▸ **WORK INSTRUCTION**: A word-for-word reproduction of the data below is needed, with no pictures in it.

▸ **PROVIDED DATA**:
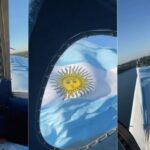 homenaje-en-el-cielo-de-posadas:-un-piloto-sobrevolo-la-costanera-con-una-bandera-argentina-en-honor-a-los-heroes-de-malvinas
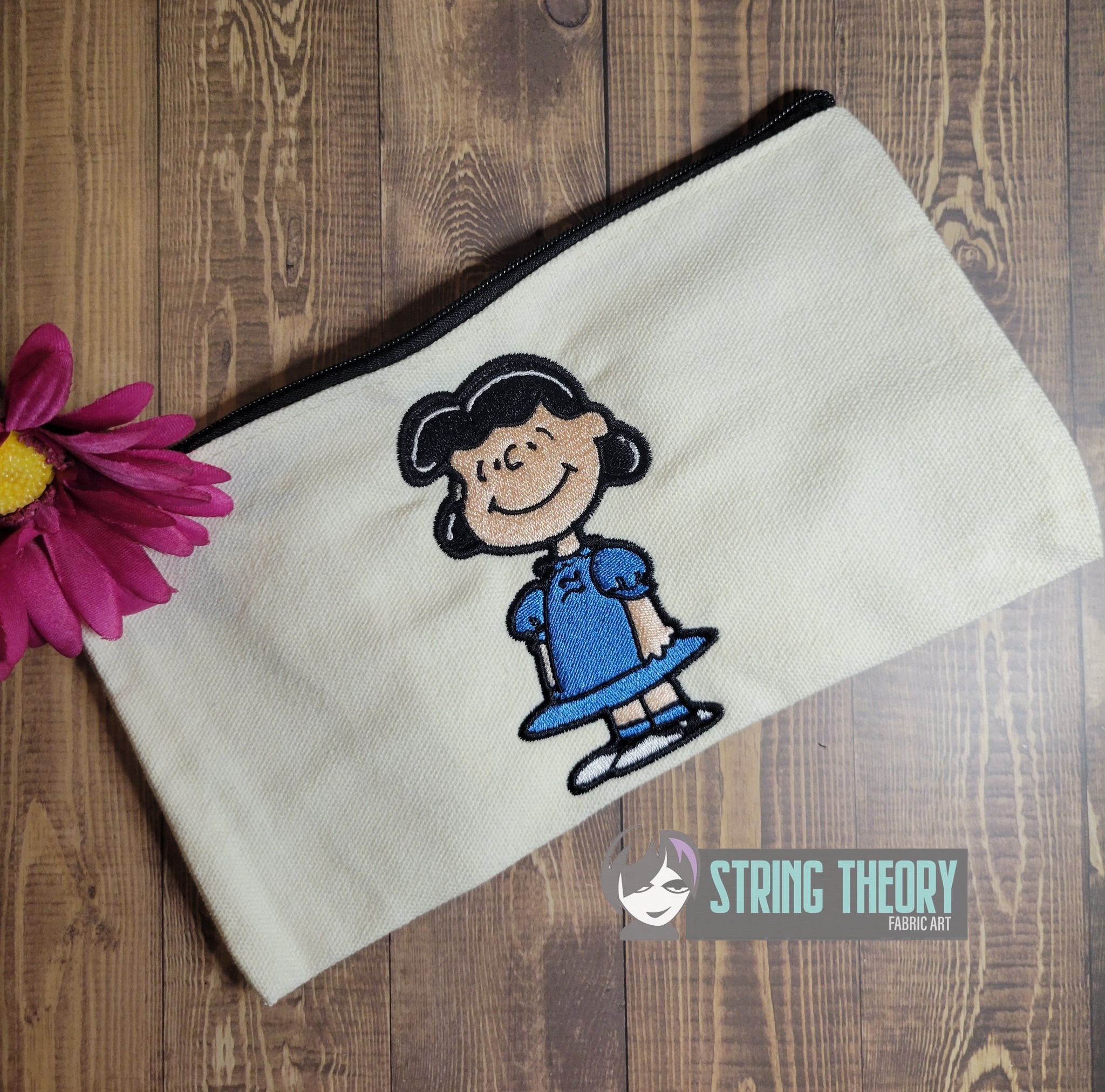 Peanuts Lucy Van Pelt machine embroidery design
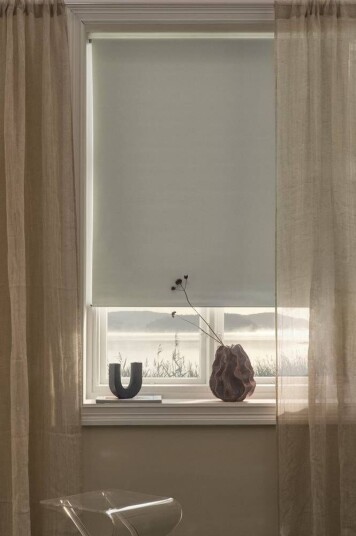 Jotex NOX rullegardin - høyde 210 cm Naturhvit 1694987-03-120 1694987-01-80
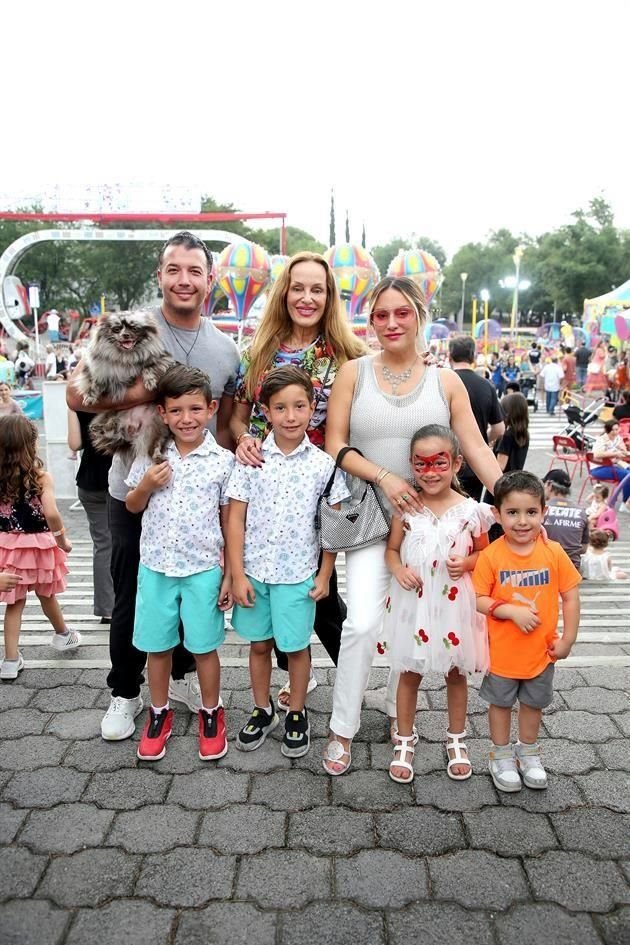 David Pérez Salinas, Maru Calderón y Vivi Villarreal de Pérez Salinas con Sebastián, André, Milena y Federico Pérez Salinas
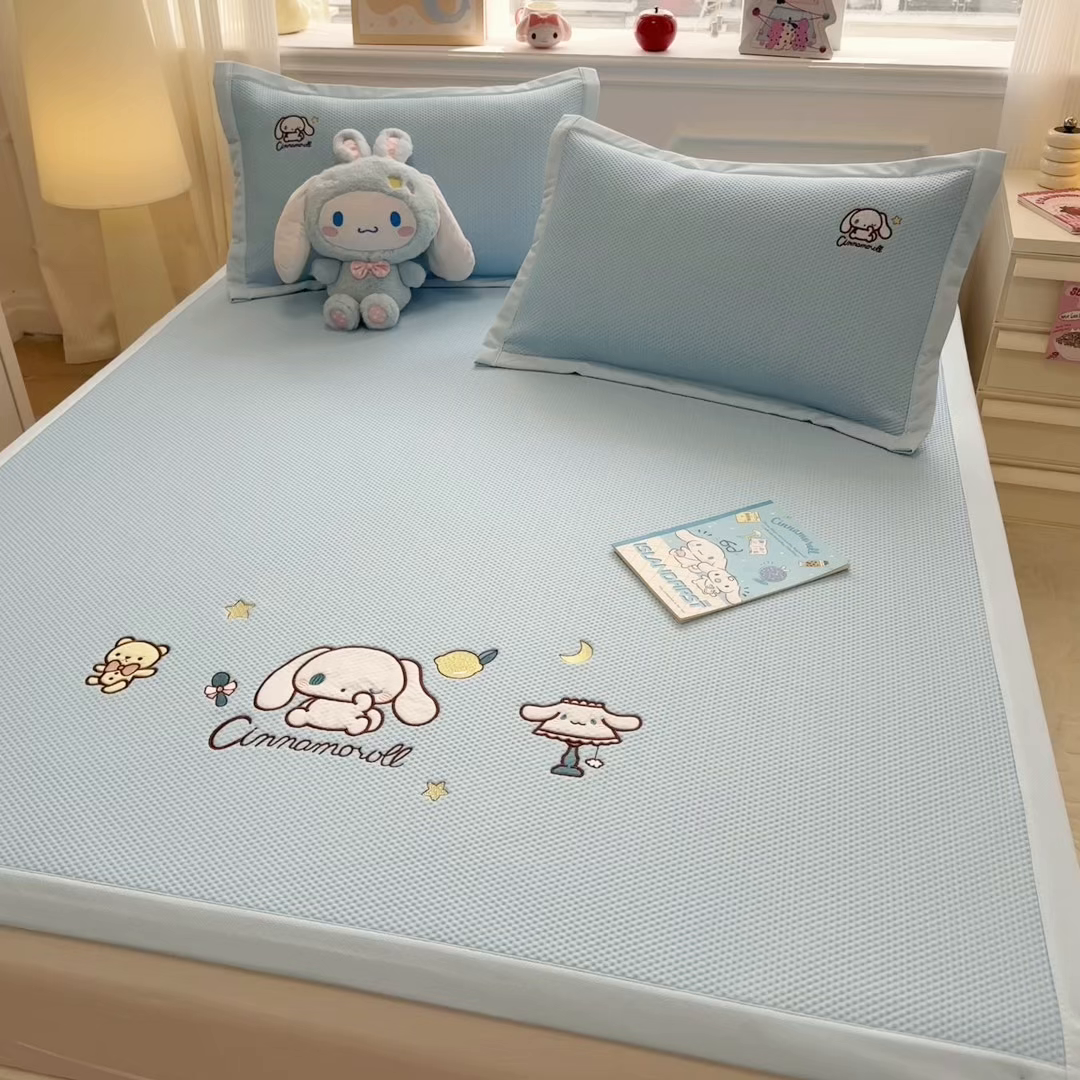 91家纺网 家纺一手货源 找家纺 蓝邻家纺 2025年新款PE提花正版三丽鸥刺绣凉席系列-场景二 熊仔玉桂狗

▸ **SOLUTION FOR THIS PROBLEM**:
 homenaje-en-el-cielo-de-posadas:-un-piloto-sobrevolo-la-costanera-con-una-bandera-argentina-en-honor-a-los-heroes-de-malvinas
 Peanuts Lucy Van Pelt machine embroidery design
 Jotex NOX rullegardin - høyde 210 cm Naturhvit 1694987-03-120 1694987-01-80
 David Pérez Salinas, Maru Calderón y Vivi Villarreal de Pérez Salinas con Sebastián, André, Milena y Federico Pérez Salinas
 91家纺网 家纺一手货源 找家纺 蓝邻家纺 2025年新款PE提花正版三丽鸥刺绣凉席系列-场景二 熊仔玉桂狗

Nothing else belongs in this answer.